What you return should be the full listing, copied exactly and stripped of its pictures.

┌────────

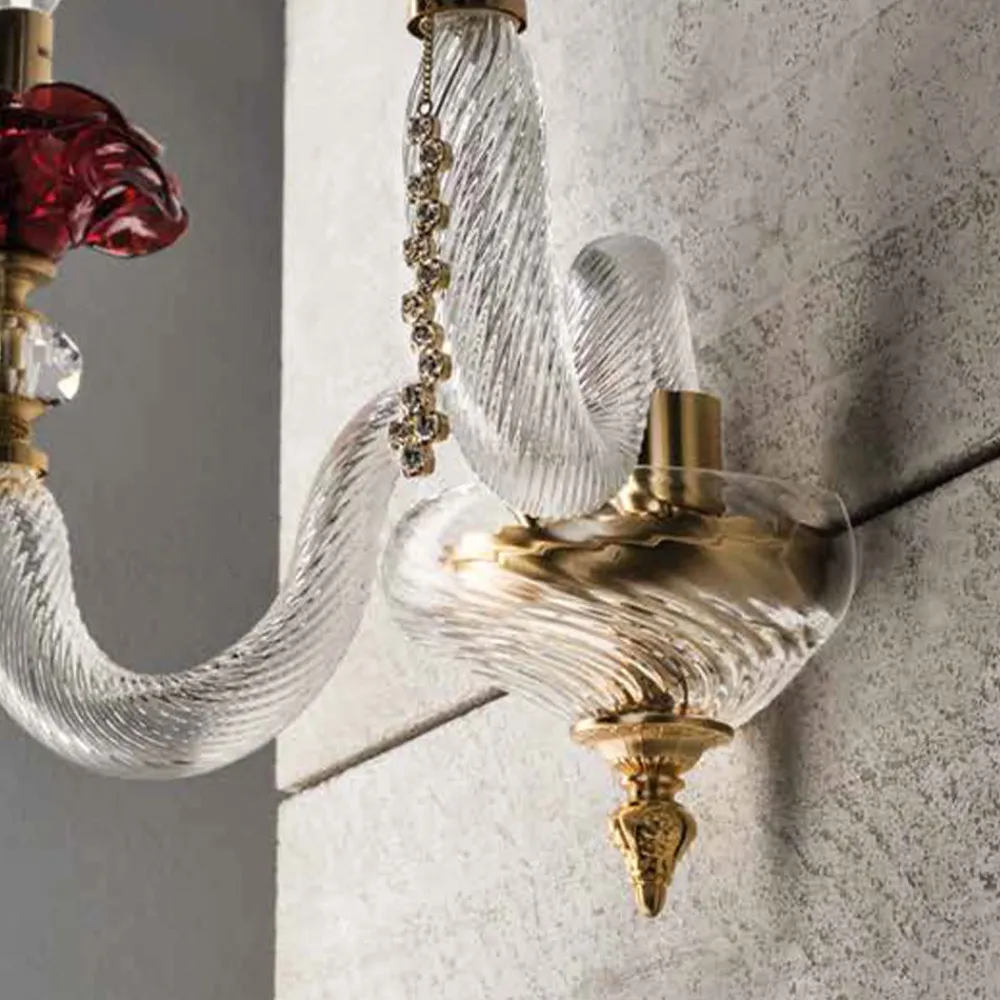 Viadurini Lighting Klassische Wandleuchten-Klassische Wandlampe 2 Lichter mundgeblasenes Glas und florale Details - Bluminda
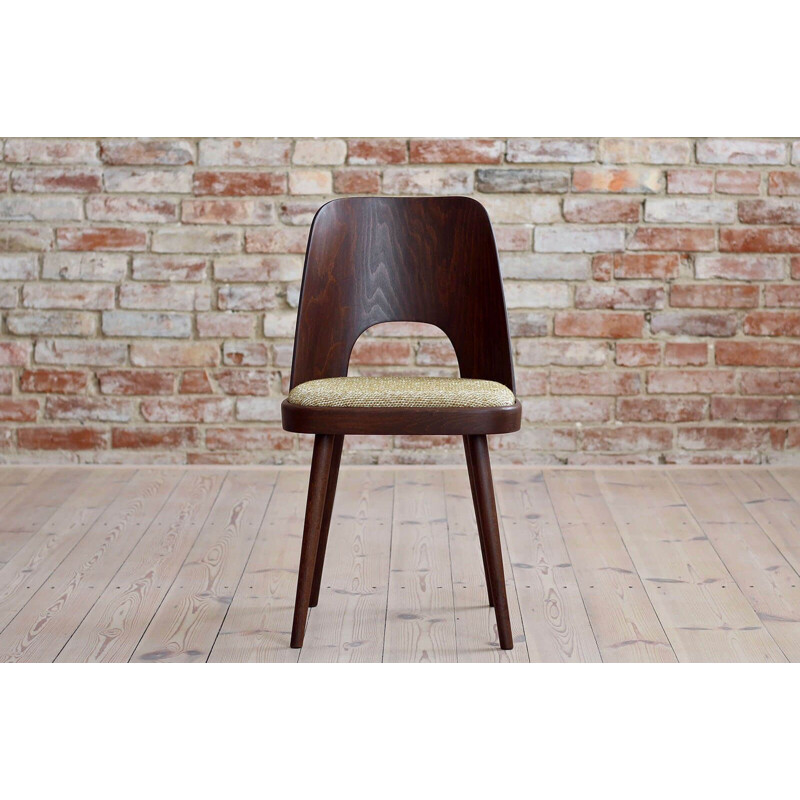 Conjunto de 4 cadeiras vintage reupholstered em tecido por Oswald Haerdtl para o Sr. Josef Hoffmann, Áustria 1950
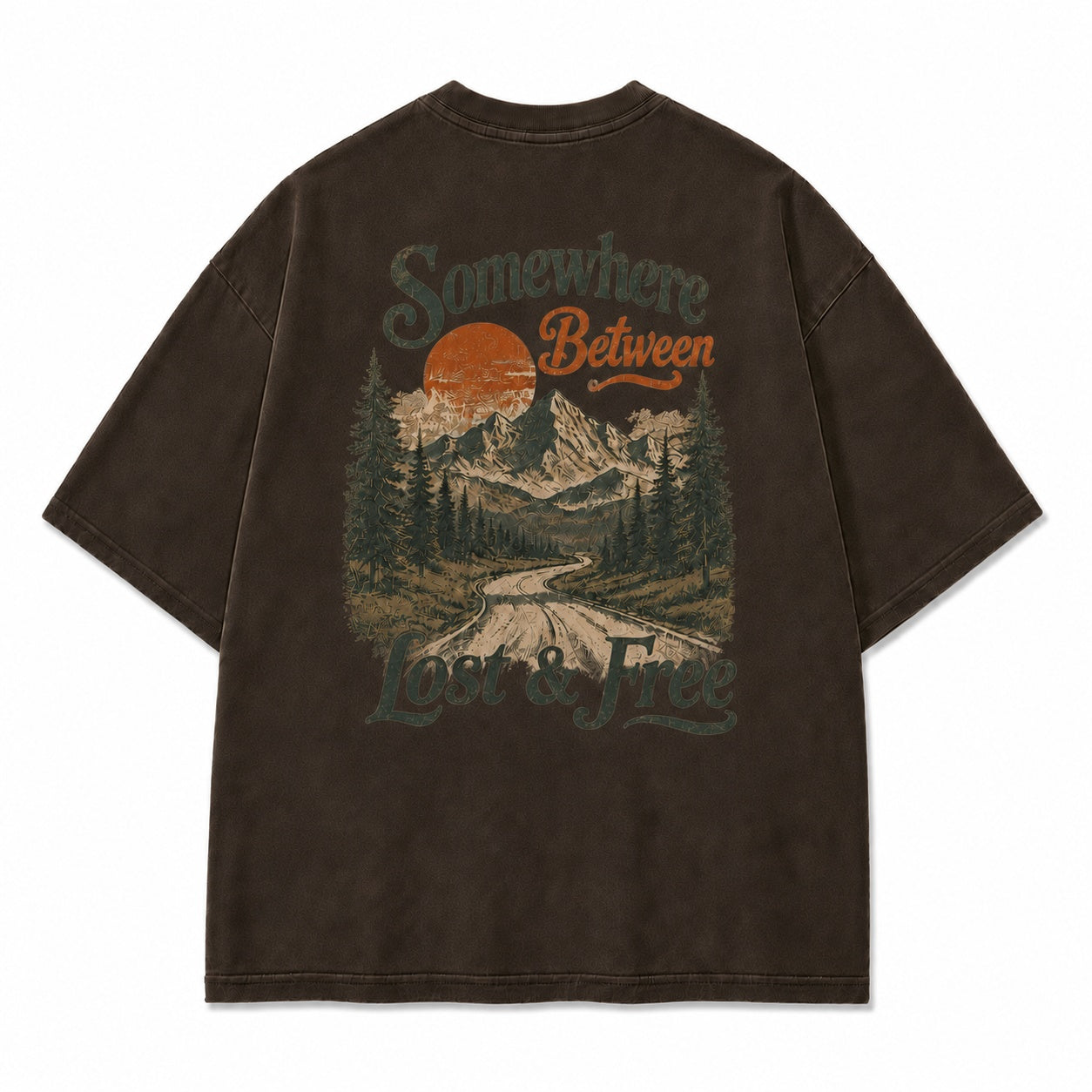 Somewhere Between Lost & Free Oversized Tee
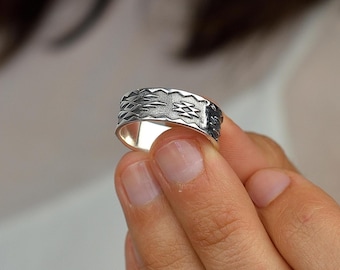 Sterling Silver Kanatitsa Ring Bulgarian Symbol Band Handmade Protective Jewelry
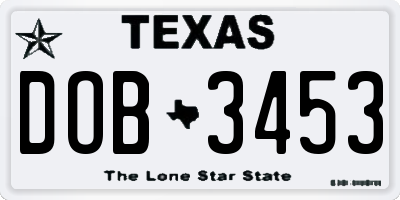 TX license plate DOB3453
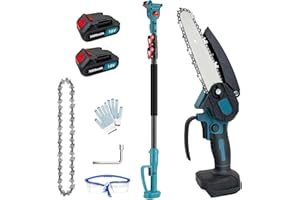 IKEBORM Teleskop Hochentaster Akku Kompatibel mit Makita, 2 * 3000mAh Akku, 180° Schwenkbarem Motorkopf Handkettensäg Elektrisch, Verstellbare Stange bis 1,5 M für Gartenscheren Astschere Holzschneidenz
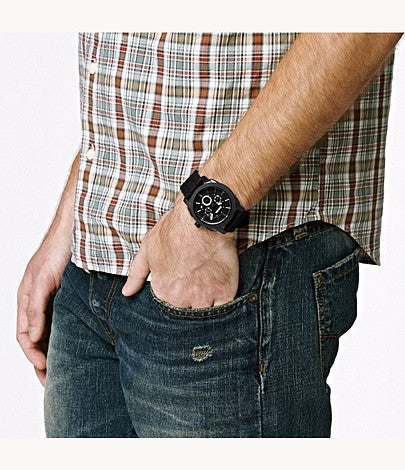  Shop Authentic Fossil Machine Chronograph Black Dial Black Silicone Strap Watch for Men - FS4487 - Luxxuri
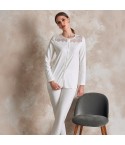 Pigiama Donna in cotone maglia aperta e pizzo floreale Lunatica 51147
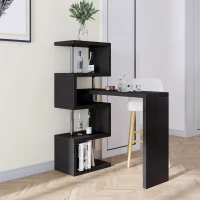 HOMCOM Modern Bar Counter Beverage Table Storage Display Wooden Shelf Shelving Room Divider (Black)(m-2)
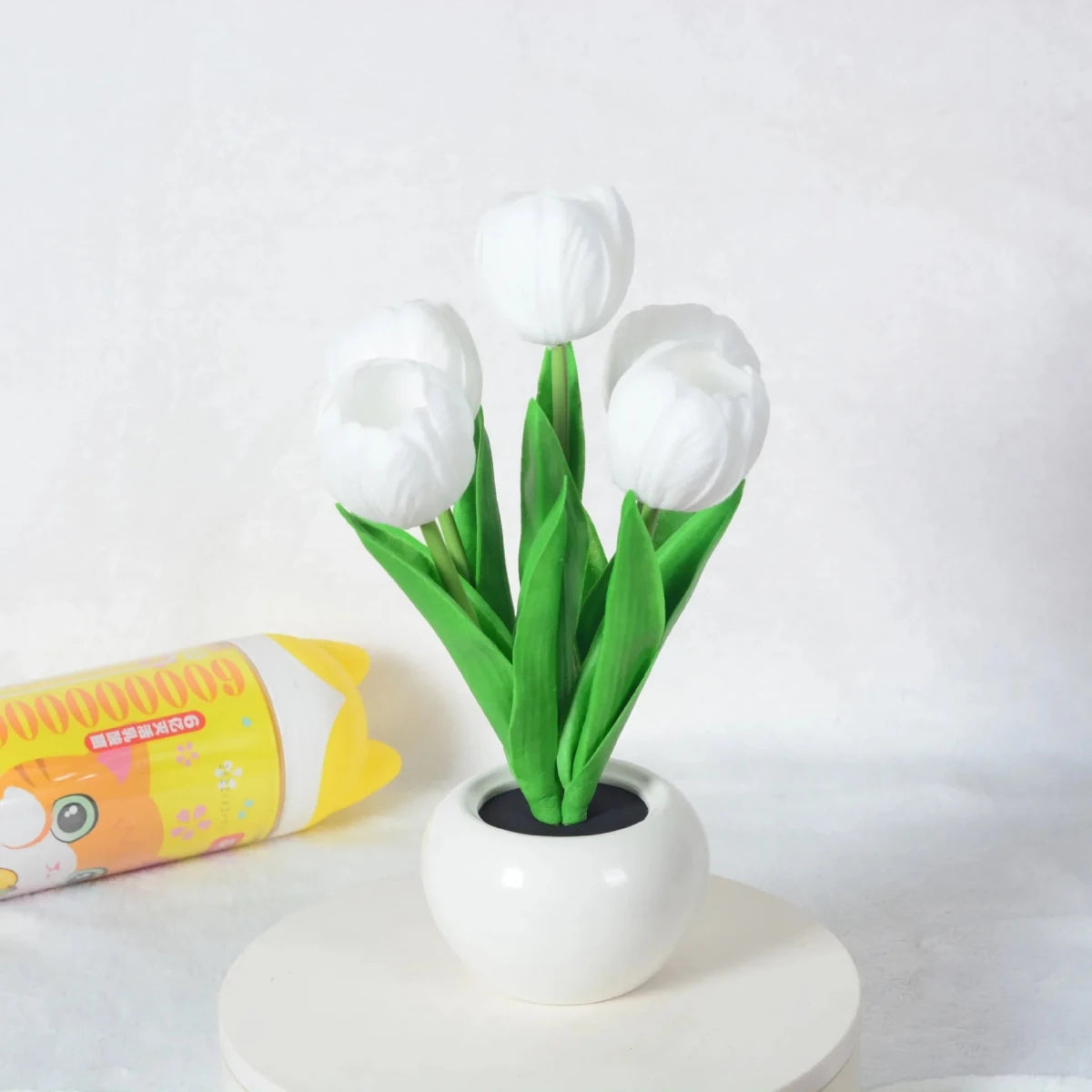 Table Lamp with LED Tulips, Ceramic Pot and Warm Light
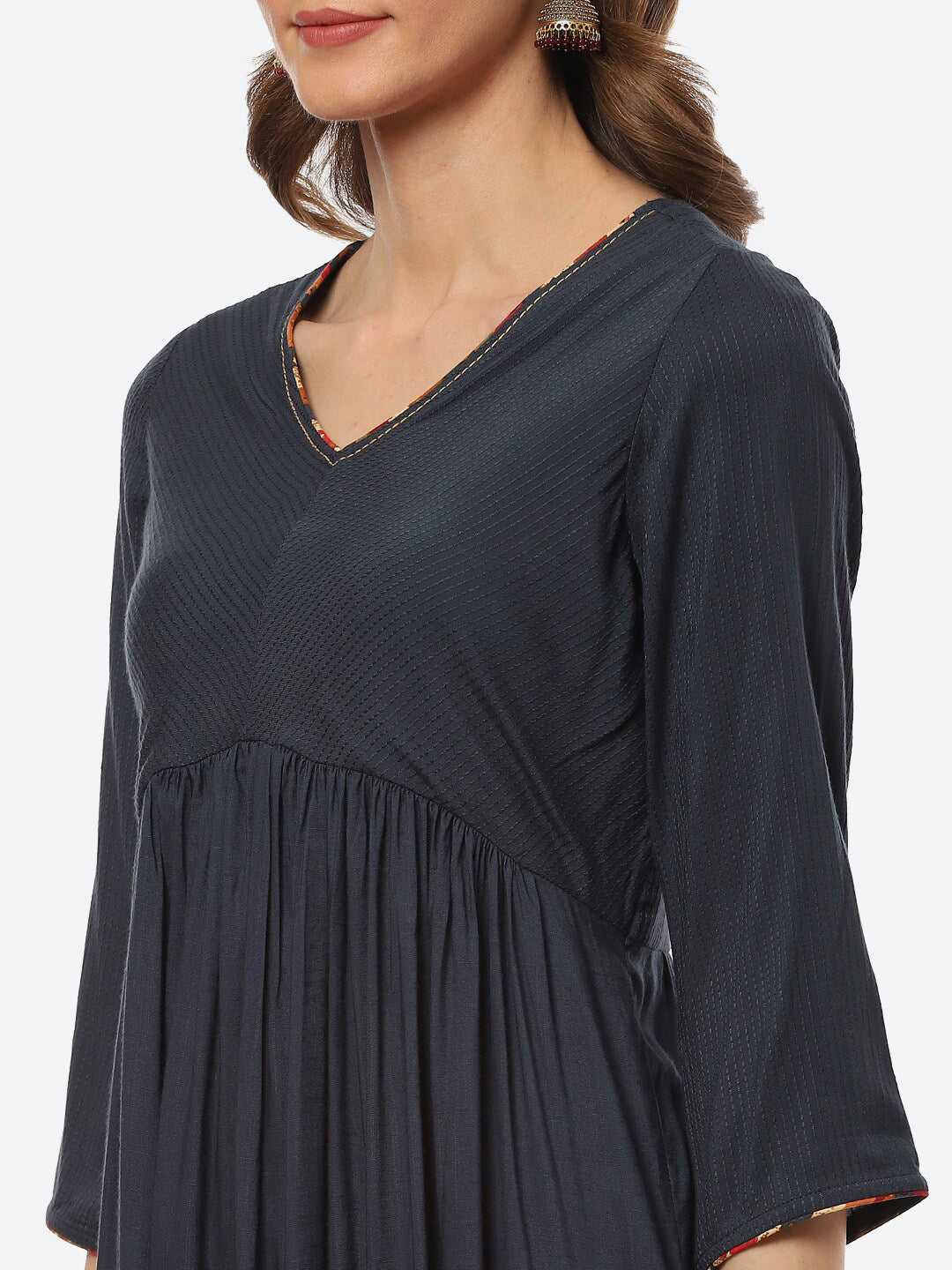 Biba Women Navy Blue Pleated Thread Work Kurta with Trousers & With Dupatta - Distacart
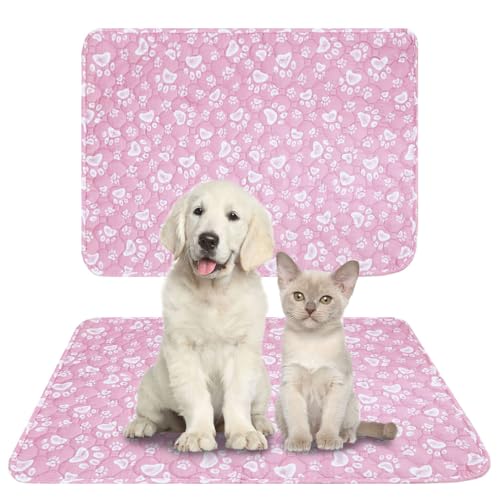 Koonafy Paquete de 2 almohadillas para orina de mascotas, reutilizables, lavables, absorbentes, impermeables, con patrón de huellas rosas, adecuadas para entrenamiento de orina en el sofá (70 x 50 x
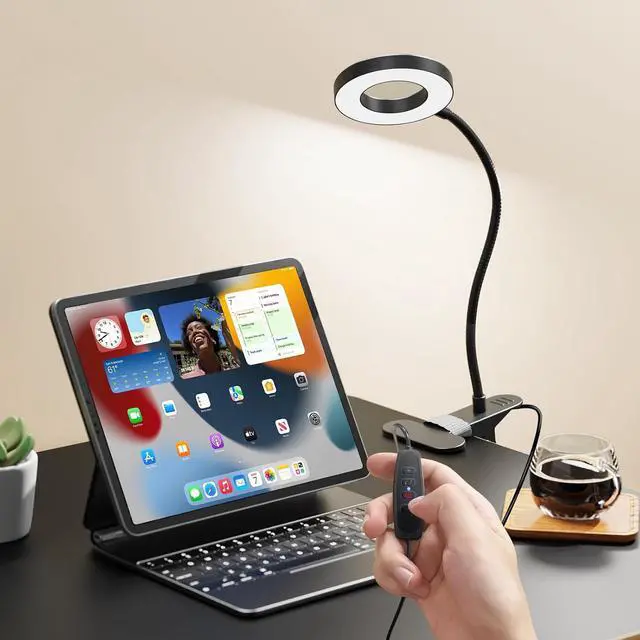 Alt view image 7 of 7 - LED Desk Lamp Clip on Light with 3 Color Modes 10 Brightness Ring/Clamp Light 360° Adjustable Neck Dimmable Eye Protection Desk Lamps for Home Office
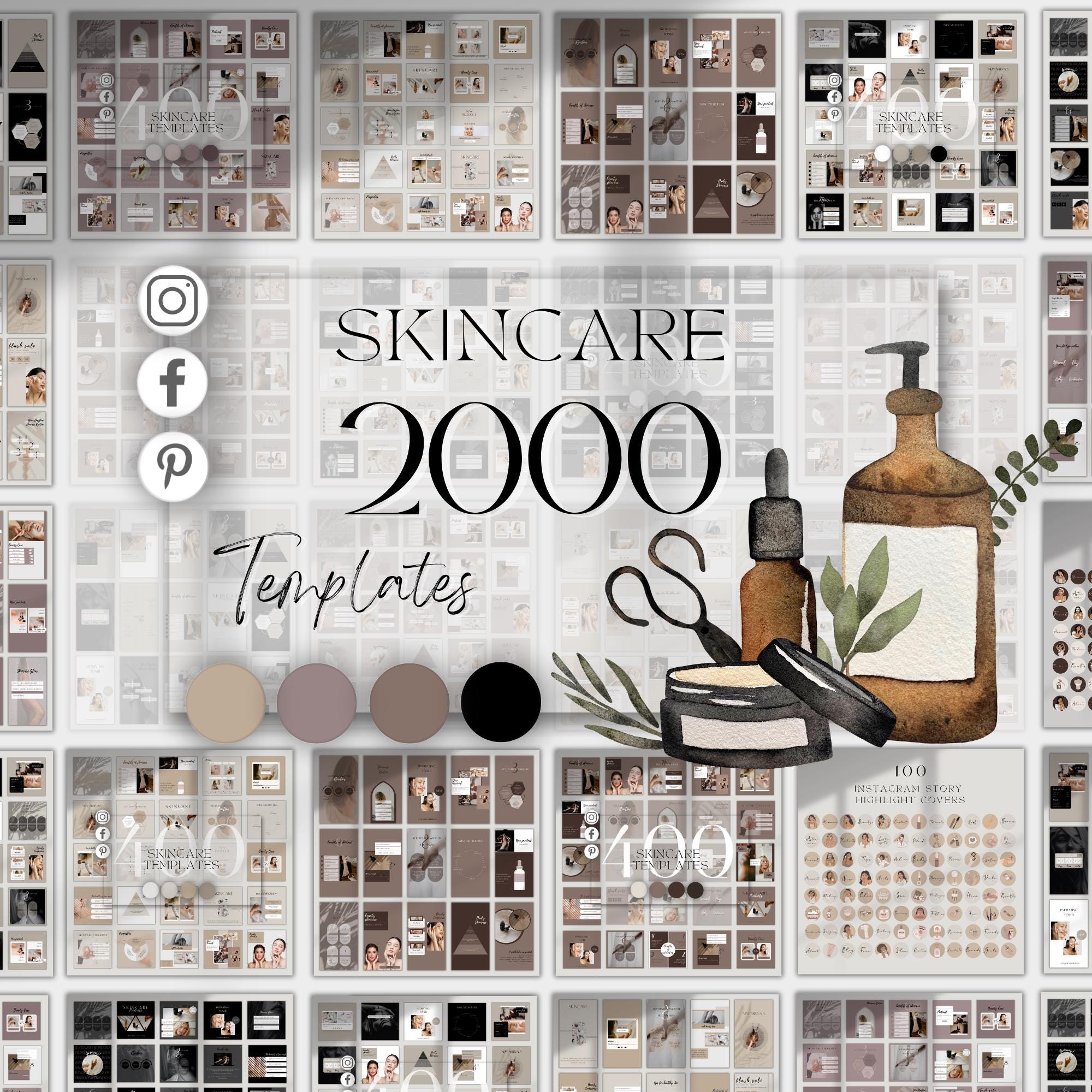 Social Media Manager Skincare Instagram Canva Templates Spa Beauty ...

└────────

The completed task ->
 Viadurini Lighting Klassische Wandleuchten-Klassische Wandlampe 2 Lichter mundgeblasenes Glas und florale Details - Bluminda
 Conjunto de 4 cadeiras vintage reupholstered em tecido por Oswald Haerdtl para o Sr. Josef Hoffmann, Áustria 1950
 Somewhere Between Lost & Free Oversized Tee
 Sterling Silver Kanatitsa Ring Bulgarian Symbol Band Handmade Protective Jewelry
 TX license plate DOB3453
 IKEBORM Teleskop Hochentaster Akku Kompatibel mit Makita, 2 * 3000mAh Akku, 180° Schwenkbarem Motorkopf Handkettensäg Elektrisch, Verstellbare Stange bis 1,5 M für Gartenscheren Astschere Holzschneidenz
  Shop Authentic Fossil Machine Chronograph Black Dial Black Silicone Strap Watch for Men - FS4487 - Luxxuri
 Pigiama Donna in cotone maglia aperta e pizzo floreale Lunatica 51147
 HOMCOM Modern Bar Counter Beverage Table Storage Display Wooden Shelf Shelving Room Divider (Black)(m-2)
 Table Lamp with LED Tulips, Ceramic Pot and Warm Light
 Biba Women Navy Blue Pleated Thread Work Kurta with Trousers & With Dupatta - Distacart
 Koonafy Paquete de 2 almohadillas para orina de mascotas, reutilizables, lavables, absorbentes, impermeables, con patrón de huellas rosas, adecuadas para entrenamiento de orina en el sofá (70 x 50 x
 Alt view image 7 of 7 - LED Desk Lamp Clip on Light with 3 Color Modes 10 Brightness Ring/Clamp Light 360° Adjustable Neck Dimmable Eye Protection Desk Lamps for Home Office
 Social Media Manager Skincare Instagram Canva Templates Spa Beauty ...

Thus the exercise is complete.